*** Opening of DATA UNDER STUDY ***

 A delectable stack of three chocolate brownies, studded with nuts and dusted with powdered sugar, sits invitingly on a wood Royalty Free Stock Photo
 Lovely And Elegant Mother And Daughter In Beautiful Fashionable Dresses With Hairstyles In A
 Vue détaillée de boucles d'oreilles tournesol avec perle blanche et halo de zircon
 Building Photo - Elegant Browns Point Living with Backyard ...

*** Close of DATA UNDER STUDY ***
*** Opening of DATA UNDER STUDY ***

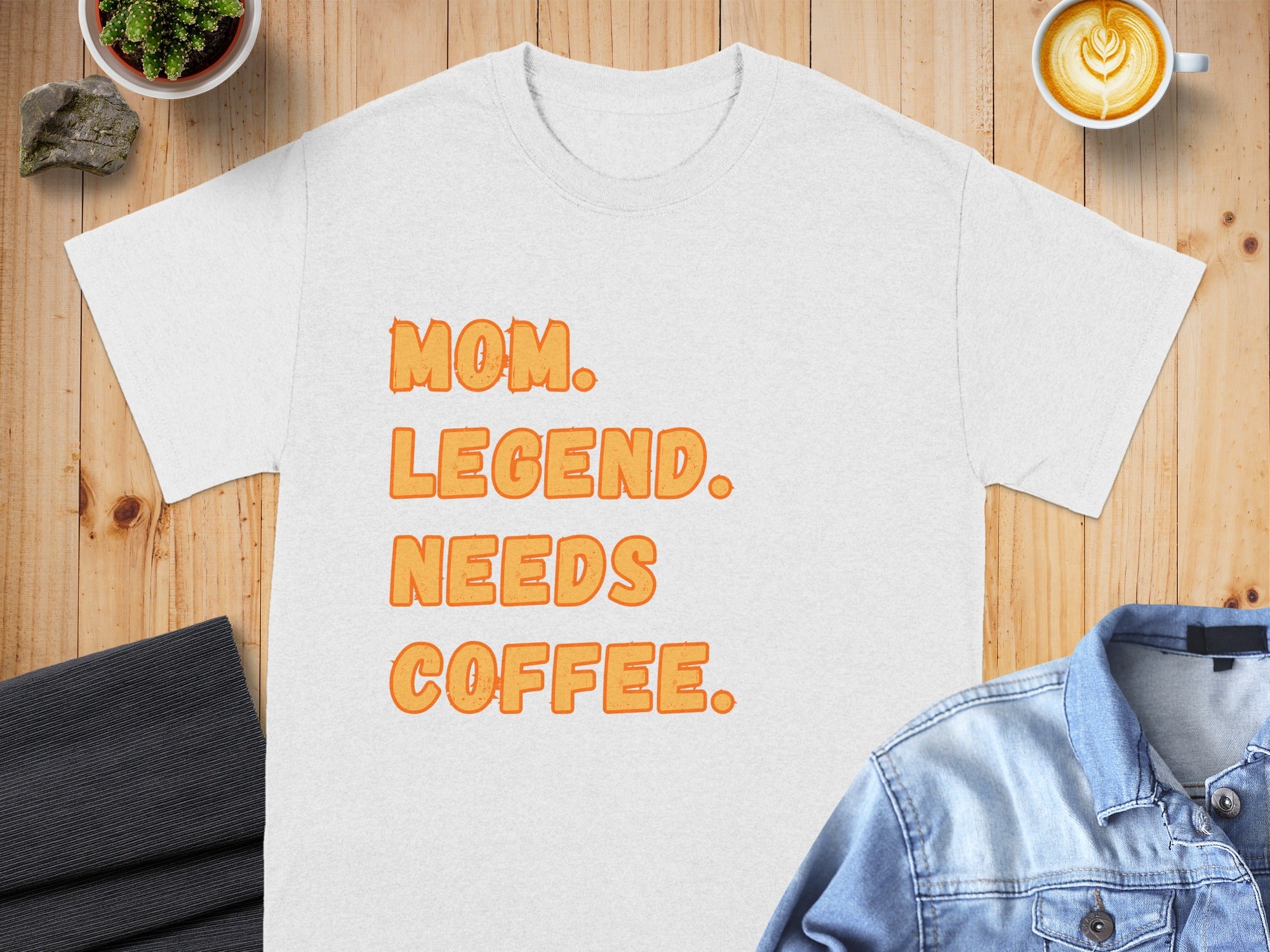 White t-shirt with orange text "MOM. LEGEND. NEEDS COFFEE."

*** Close of DATA UNDER STUDY ***

**TRY IT:**
Taking the entries above, print exactly the lines starting at the line with "Lovely And Elegant" and ending at the line with "Building Photo - Elegant", both included.

**RESULT OF THE TASK:**
 Lovely And Elegant Mother And Daughter In Beautiful Fashionable Dresses With Hairstyles In A
 Vue détaillée de boucles d'oreilles tournesol avec perle blanche et halo de zircon
 Building Photo - Elegant Browns Point Living with Backyard ...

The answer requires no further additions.